The one problem with deciding to make your own wedding invitations is the part where you realise that you have to send them out. And not just, you know, anonymously posted on the internet - you will be literally sending these things that you have spent months crafting, poured hours and hours of time into constructing, to every person you know and love.

Like that nightmare you had where you did something stupid in front of everyone you know and love.

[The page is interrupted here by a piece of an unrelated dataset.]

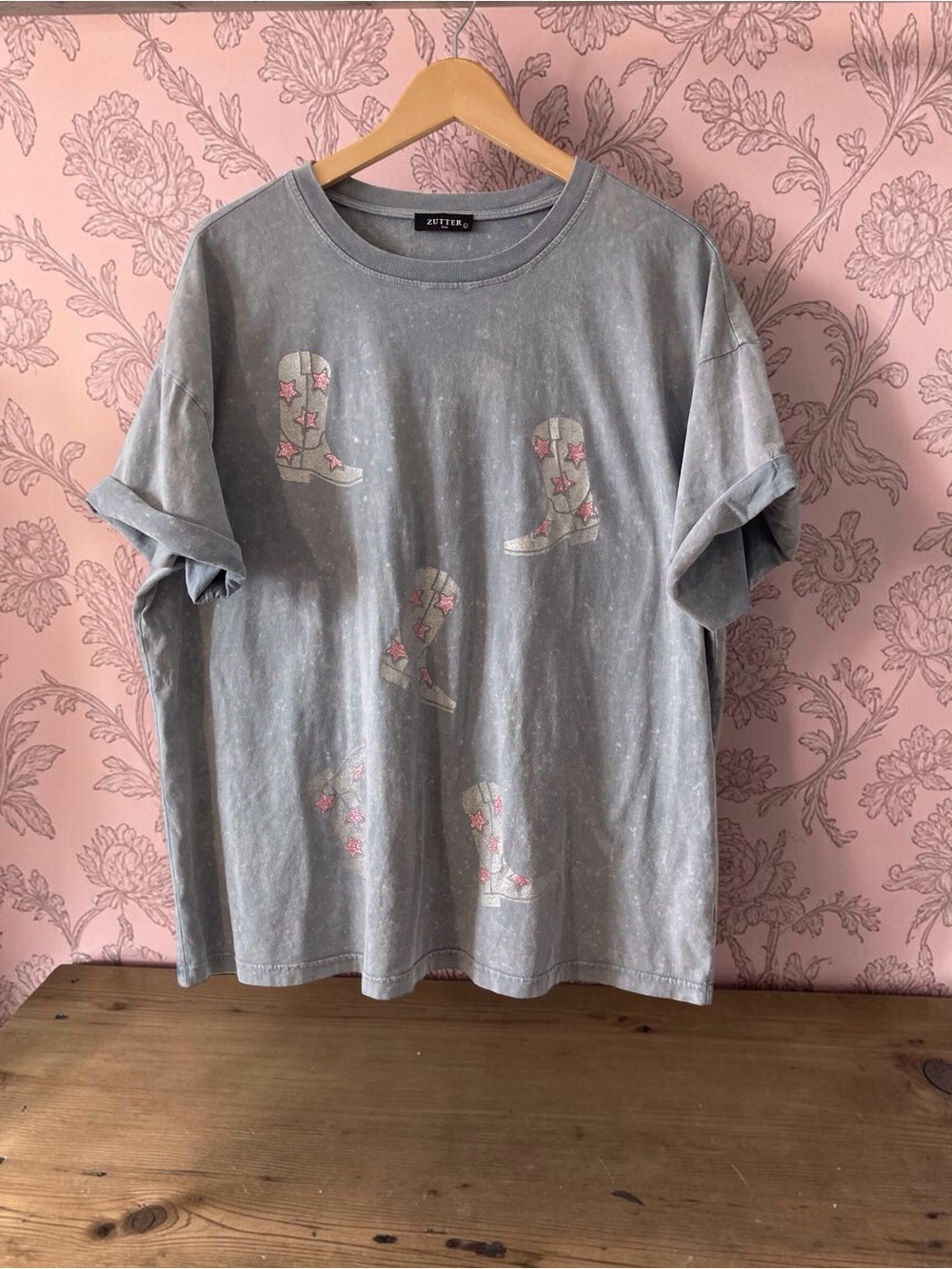 Zutter USA Cowboy Boots Pink Sparkle Star Graphic Tee Gray Size L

When this realisation hits you - usually around the time you accidentally glue-gun one of the inserts slightly off-centre into one of the cards, or when you notice that the ink from the stamp has smudged a little around the edges, despite you hairspraying it twice for good measure - your stomach drops and you realise that maybe, maybe those things you've been working on since Christmas are in fact a little bit crap. And everyone knows you're making your own invitations because your mum has been telling everyone so proudly, but actually they're going to open the envelopes and see... these.

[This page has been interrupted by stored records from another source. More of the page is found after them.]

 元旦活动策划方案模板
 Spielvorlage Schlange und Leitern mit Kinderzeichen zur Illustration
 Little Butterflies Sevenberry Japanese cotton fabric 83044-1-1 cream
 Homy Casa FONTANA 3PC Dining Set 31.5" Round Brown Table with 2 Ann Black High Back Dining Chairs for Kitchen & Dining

And it's too late to back out now because you'd never be able to get professional ones made in time, and of course because everyone knows you're making them yourself, they'll be really confused if they suddenly got non-homemade ones, so you'd have to answer questions about how it all went wrong, so it works out quicker if you just send out this trash and then people will be able to see just went wrong and will hopefully be British enough not to comment on it. Besides, it's not like there's anything you can do to fix it at this point.



Of course from there it starts to spiral.

What if nothing you've made for the wedding is any good? What if it's not just the invitations that suck, what if it all sucks?

And what if it's not just the stuff you made what if all the choices you have made, what if everything you picked for this wedding is going to look awful? What if once it's all put together it just looks like a hot mess of random colours and glue-gunned decorations, and everyone just sits there really awkwardly waiting until there's an appropriate point for them to leave so that they are no longer surrounded by all sorts of weird, poorly-coordinated things.

And then afterwards no-one will speak to you for a while, if ever again, because they've seen what's inside your mind and it wasn't nice for anyone.

And they're probably still all covered in glitter, even though you didn't use any glitter, but that's just the way these things always seem to turn out, with glitter stuck to people.




At this point you have to go and sit quietly somewhere and distract yourself in some non-alarming manner, possibly by watching a livestream of kittens, and take a lot of deep calming breaths.

After that you have to reaffirm yourself, it will be fine, people will like your things, and if they don't they will probably be too drunk to examine them too closely anyway, so it will work out either way.